As generative AI continues to drive innovation across industries and our daily lives, the need for responsible AI has become increasingly important. At AWS, we believe the long-term success of AI depends on the ability to inspire trust among users, customers, and society. This belief is at the heart of our long-standing commitment to building and using AI responsibly. Responsible AI goes beyond mitigating risks and aligning to relevant standards and regulations. It’s about proactively building trust and unlocking AI’s potential to drive business value. A comprehensive approach to responsible AI empowers organizations to innovate boldly and achieve transformative business outcomes. New joint research conducted by Accenture and AWS underscores this, highlighting responsible AI as a key driver of business value — boosting product quality, operational efficiency, customer loyalty, brand perception, and more. Nearly half of the surveyed companies acknowledge responsible AI as pivotal in driving AI-related revenue growth. Why? Responsible AI builds trust, and trust accelerates adoption and innovation.
With trust as a cornerstone of AI adoption, we are excited to announce at AWS re:Invent 2024 new responsible AI tools, capabilities, and resources that enhance the safety, security, and transparency of our AI services and models and help support customers’ own responsible AI journeys.

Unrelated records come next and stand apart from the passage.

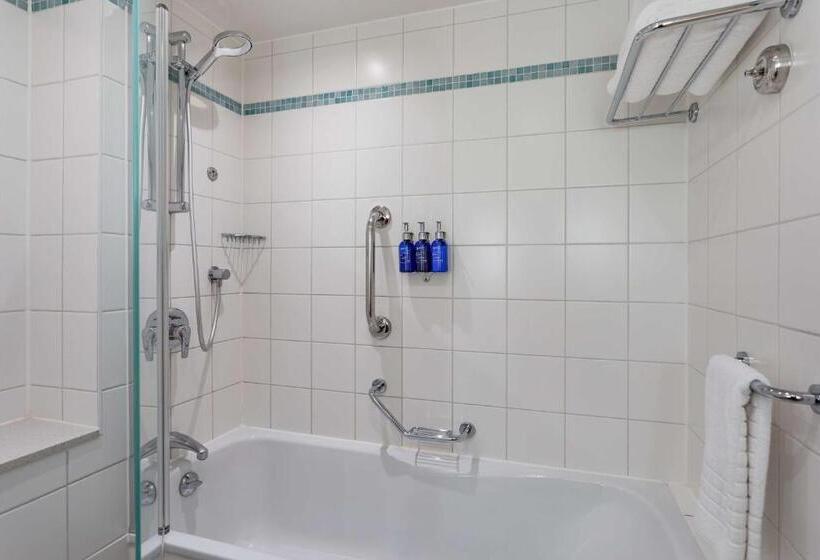 اتاق استاندارد, Radisson Blu Hotel London Stansted Airport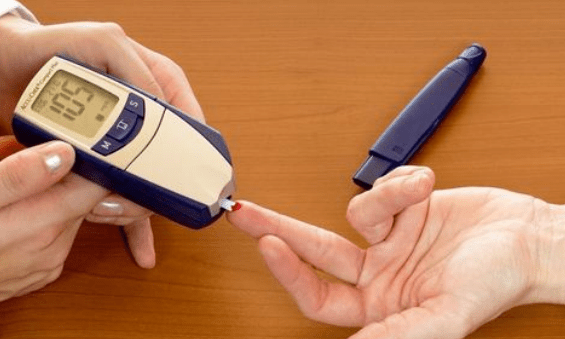 一餓就心慌冒冷汗，除了低血糖，還可能是這四種病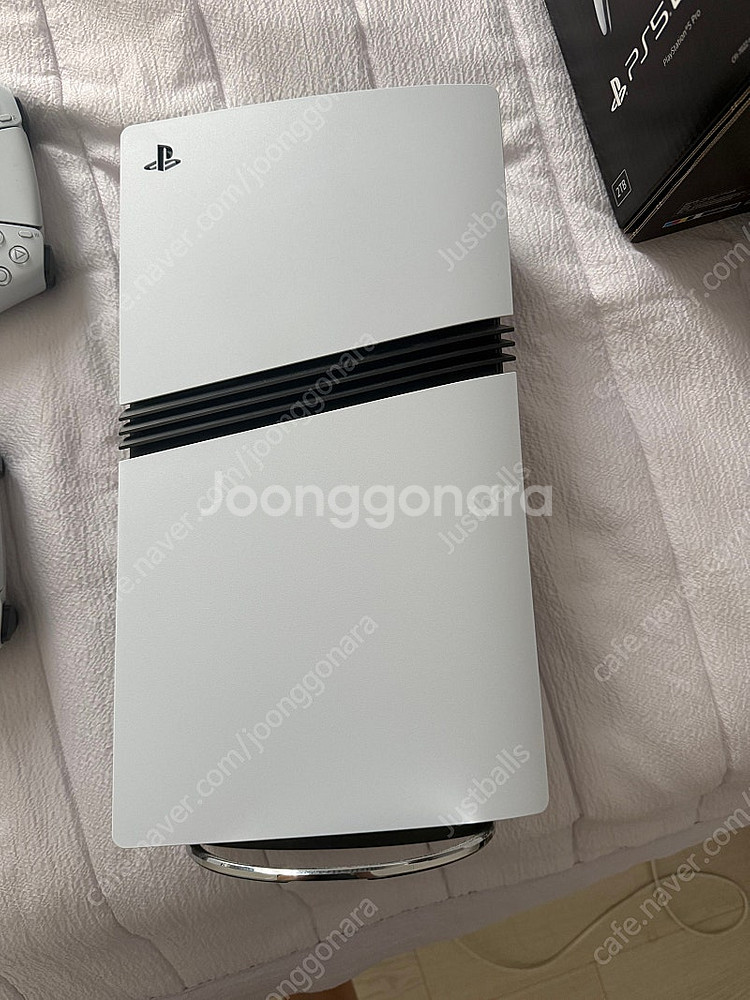 PS5 PRO 디스크 + 듀얼센스 2개 + 정품 충전기...--2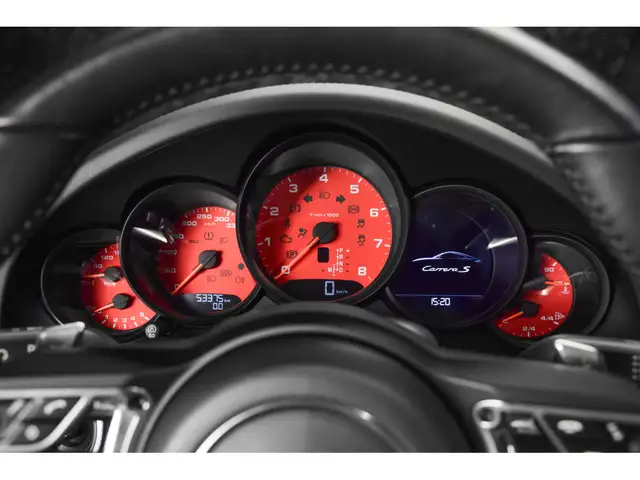Porsche 991 view 12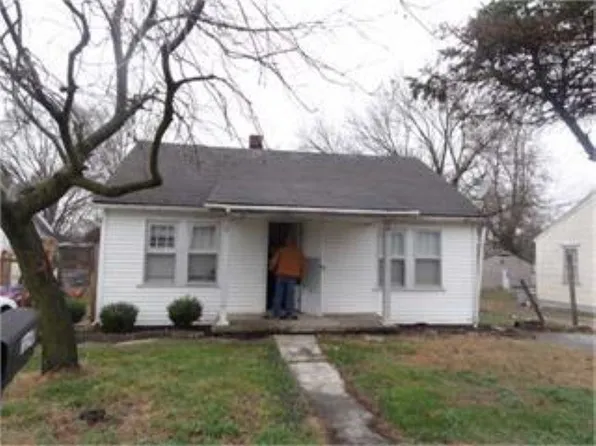 1267 Durbin Dr, Bowling Green, KY 42101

Taking proactive steps to manage AI risks and foster trust and interoperability
AWS is the first major cloud service provider to announce ISO/IEC 42001 accredited certification for AI services, covering Amazon Bedrock, Amazon Q Business, Amazon Textract, and Amazon Transcribe. ISO/IEC 42001 is an international management system standard that outlines the requirements for organizations to manage AI systems responsibly throughout their lifecycle. Technical standards, such as ISO/IEC 42001, are significant because they provide a common framework for responsible AI development and deployment, fostering trust and interoperability in an increasingly global and AI-driven technological landscape. Achieving ISO/IEC 42001 certification means that an independent third party has validated that AWS is taking proactive steps to manage risks and opportunities associated with AI development, deployment, and operation. With this certification, we reinforce our commitments to providing AI services that help you innovate responsibly with AI.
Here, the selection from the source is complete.